Prépa UTMB Nice : sortie 3h
Boulari, 7h30 – Le départ vers l’inconnu Le soleil matinal caresse déjà les crêtes autour de Nouméa, mais en cette période de l’année l’air reste frais. Mon plan d’entraînement prévoit 3 heures et 850 D+. Aujourd’hui, je quitte les sentiers habituels pour un nouveau parcours : une trace qui part de Boulari, au nord de la ville, et grimpe vers le Mont Algoué. L’aller, 4 km et 500 D+, n’est que la première étape. Je vais poursuivre jusqu’au Pic Malaoui, dont la vue, comme depuis tant d’autres sommets calédoniens, est à couper le souffle.
Un dernier échange avec un groupe de randonneurs et me voilà parti. Dès les premiers pas, le sentier me rappelle à l’ordre : une pente abrupte, presque verticale, qui s’élance devant moi. Pas question de forcer. Je marche d’un pas décidé, les muscles qui s’éveillent, le souffle encore calme. Dès que le pourcentage de la pente devient raisonnable je m’élance et commence à courir.
L’ascension – Entre monotrace et magie des cimes Le sentier se rétrécit, devient à peine visible. Arrivé au niveau d’un pylône électrique, la sentier se transforme en une fine ligne tracée dans la végétation.
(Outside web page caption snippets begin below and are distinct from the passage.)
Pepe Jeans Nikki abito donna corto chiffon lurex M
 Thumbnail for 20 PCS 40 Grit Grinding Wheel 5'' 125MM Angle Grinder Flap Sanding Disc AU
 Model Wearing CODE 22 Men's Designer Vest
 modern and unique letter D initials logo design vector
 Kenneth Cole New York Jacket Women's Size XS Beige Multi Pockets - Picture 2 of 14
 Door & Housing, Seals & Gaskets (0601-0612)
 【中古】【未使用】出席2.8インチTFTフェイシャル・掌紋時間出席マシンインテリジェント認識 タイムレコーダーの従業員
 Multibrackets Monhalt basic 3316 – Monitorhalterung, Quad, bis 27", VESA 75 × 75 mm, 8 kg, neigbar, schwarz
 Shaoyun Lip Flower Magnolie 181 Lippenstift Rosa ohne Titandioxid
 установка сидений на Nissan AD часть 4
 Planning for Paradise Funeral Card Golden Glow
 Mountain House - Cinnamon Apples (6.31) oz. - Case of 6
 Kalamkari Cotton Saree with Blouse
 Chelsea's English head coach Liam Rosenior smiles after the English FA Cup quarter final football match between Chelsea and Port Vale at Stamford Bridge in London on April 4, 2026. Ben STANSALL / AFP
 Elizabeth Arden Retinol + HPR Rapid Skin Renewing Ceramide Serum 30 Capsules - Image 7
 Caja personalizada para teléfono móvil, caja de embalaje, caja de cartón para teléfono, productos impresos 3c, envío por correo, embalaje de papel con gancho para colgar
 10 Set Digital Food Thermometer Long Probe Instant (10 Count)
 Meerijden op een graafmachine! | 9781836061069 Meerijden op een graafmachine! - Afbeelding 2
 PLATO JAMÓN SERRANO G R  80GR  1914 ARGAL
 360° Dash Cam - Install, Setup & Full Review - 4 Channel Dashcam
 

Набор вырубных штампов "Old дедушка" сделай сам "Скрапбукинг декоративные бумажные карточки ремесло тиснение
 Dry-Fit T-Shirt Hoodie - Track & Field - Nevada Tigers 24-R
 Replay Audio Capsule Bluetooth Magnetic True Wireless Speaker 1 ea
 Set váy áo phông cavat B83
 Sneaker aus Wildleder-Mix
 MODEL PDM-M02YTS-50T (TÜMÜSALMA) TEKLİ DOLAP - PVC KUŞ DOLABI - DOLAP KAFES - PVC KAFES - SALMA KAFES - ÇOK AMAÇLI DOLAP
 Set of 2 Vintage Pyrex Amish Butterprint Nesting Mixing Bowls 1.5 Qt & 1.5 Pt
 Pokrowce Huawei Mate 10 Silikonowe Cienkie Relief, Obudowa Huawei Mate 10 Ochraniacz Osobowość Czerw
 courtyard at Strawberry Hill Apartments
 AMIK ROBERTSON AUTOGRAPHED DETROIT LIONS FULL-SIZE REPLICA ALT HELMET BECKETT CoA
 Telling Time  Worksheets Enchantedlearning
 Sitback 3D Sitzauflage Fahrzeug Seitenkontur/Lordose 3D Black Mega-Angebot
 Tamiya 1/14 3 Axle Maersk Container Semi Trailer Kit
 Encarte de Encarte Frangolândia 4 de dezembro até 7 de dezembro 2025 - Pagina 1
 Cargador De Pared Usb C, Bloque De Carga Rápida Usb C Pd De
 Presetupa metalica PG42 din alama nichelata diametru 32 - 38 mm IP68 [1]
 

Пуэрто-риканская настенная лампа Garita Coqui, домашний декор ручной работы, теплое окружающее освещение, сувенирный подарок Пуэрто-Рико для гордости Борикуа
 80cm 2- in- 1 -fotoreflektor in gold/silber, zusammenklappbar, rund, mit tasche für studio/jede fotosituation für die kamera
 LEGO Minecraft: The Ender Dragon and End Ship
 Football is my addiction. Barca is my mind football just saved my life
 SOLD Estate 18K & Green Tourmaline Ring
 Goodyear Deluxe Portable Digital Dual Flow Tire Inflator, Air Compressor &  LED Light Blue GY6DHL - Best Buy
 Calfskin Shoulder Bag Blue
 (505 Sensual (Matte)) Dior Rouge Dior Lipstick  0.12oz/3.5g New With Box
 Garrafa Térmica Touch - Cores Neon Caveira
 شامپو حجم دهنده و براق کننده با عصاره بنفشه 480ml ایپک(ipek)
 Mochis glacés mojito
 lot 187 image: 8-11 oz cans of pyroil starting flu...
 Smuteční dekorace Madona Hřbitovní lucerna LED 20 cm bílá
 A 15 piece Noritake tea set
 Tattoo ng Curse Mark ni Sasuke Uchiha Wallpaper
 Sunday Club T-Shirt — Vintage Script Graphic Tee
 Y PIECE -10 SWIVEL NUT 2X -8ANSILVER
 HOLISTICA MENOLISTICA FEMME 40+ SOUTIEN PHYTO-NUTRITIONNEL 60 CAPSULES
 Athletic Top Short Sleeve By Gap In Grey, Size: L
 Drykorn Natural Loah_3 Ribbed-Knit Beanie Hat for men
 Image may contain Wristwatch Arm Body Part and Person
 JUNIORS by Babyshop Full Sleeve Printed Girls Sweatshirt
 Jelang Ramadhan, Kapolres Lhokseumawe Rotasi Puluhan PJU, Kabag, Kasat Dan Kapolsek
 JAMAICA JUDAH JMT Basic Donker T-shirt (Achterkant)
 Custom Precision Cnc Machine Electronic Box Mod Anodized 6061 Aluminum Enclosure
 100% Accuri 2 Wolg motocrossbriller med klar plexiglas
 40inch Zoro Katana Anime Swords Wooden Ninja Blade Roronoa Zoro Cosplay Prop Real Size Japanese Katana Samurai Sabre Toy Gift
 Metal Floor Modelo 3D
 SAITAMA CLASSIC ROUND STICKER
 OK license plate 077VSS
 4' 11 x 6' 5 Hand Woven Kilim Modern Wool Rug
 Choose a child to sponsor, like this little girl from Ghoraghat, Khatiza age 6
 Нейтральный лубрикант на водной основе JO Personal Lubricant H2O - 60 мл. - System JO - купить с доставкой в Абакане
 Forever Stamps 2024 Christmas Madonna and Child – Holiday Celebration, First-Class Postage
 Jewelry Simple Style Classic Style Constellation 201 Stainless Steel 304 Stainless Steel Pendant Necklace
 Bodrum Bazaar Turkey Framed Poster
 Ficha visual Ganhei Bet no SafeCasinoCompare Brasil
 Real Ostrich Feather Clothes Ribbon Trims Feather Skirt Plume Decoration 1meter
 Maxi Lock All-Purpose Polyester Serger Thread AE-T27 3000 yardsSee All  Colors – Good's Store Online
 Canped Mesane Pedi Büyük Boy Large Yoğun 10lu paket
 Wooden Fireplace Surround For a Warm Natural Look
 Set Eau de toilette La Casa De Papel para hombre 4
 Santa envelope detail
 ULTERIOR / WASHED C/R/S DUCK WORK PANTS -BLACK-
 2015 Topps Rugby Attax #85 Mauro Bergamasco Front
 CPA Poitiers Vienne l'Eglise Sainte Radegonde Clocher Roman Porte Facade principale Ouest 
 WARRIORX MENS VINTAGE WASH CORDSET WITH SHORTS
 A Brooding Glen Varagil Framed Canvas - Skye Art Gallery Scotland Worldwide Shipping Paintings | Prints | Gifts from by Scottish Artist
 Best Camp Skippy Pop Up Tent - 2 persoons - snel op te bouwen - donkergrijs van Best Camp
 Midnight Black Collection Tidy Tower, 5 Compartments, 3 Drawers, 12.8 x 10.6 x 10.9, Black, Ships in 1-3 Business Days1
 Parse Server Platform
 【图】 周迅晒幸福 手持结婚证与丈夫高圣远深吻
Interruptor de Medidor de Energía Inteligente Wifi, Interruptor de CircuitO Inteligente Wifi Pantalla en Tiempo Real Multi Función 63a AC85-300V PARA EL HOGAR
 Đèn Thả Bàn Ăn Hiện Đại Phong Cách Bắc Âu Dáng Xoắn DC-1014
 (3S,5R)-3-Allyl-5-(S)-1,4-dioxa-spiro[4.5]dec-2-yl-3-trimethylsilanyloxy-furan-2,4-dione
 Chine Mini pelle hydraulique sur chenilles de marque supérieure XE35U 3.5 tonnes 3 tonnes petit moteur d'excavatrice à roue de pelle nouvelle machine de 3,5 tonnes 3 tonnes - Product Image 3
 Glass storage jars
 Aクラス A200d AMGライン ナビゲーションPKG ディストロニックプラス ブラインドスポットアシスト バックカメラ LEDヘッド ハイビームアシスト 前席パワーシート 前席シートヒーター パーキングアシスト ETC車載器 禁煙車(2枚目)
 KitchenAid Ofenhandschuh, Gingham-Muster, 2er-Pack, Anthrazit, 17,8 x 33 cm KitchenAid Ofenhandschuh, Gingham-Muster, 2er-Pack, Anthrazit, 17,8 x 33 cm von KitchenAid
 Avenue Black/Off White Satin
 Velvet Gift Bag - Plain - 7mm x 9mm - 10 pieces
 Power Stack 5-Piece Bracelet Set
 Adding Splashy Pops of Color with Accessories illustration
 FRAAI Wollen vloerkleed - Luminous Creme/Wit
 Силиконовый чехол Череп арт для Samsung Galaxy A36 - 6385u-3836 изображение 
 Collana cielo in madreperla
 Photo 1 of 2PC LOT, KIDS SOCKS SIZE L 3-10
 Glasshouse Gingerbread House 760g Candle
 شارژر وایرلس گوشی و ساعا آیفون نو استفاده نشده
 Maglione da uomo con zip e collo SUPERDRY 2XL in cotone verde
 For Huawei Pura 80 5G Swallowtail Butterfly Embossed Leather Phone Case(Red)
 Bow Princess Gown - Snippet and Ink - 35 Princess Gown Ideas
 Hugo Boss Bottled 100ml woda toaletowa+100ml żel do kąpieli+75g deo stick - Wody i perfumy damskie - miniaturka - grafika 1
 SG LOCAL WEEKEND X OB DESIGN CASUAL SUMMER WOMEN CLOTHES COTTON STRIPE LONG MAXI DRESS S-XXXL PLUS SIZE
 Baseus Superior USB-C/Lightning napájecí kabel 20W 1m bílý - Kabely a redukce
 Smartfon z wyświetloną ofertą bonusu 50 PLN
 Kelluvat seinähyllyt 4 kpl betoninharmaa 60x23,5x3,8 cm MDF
Après quelques efforts, la végétation s’ouvre pour laisser place à un tapis de fougères et d’arbustes de quelques dizaines de centimètres. Juste ce qu’il faut pour m’aider à grimper. Et soudain, comme une récompense, les derniers cent mètres offrent leur spectacle. Nouméa se présente, baignée de lumière, et sur la gauche le Mont Dore toujours aussi majestueux.

Je reprends mon souffle, je regarde, je profite. Une belle journée de rando-trail s’annonce.
Au sommet du Mont Algoué – L’appel des cimes Je l’atteins enfin, ce sommet. Devant moi, une mer de montagnes à perte de vue. Des sommets sans nom, mystérieux, et puis eux : le Mont Dore, mon terrain de jeu habituel, et le Pic Malaoui, où j’ai vécu ma première rando il y a un an. Aujourd’hui, j’y accéderai par un autre chemin, une autre perspective.
Je m’arrête souvent, non pas pour reprendre mon souffle mais pour prendre des photos Je sais, je suis censé m’entraîner, mais comment résister ?
Vers le Pic Malaoui – La forêt tropicale et ses pièges Je redescends légèrement, et là, il se dévoile : le Pic Malaoui, fier, se dressant vers le ciel comme pour défier la mer. Quel spectacle.

Mais avant de l’atteindre, il me faut traverser un passage digne des plus belles forêts tropicales. L’air est humide, le sol glissant. Il faut être vigilent, sous le feuillage dense se cache parfois un trou, une ravine.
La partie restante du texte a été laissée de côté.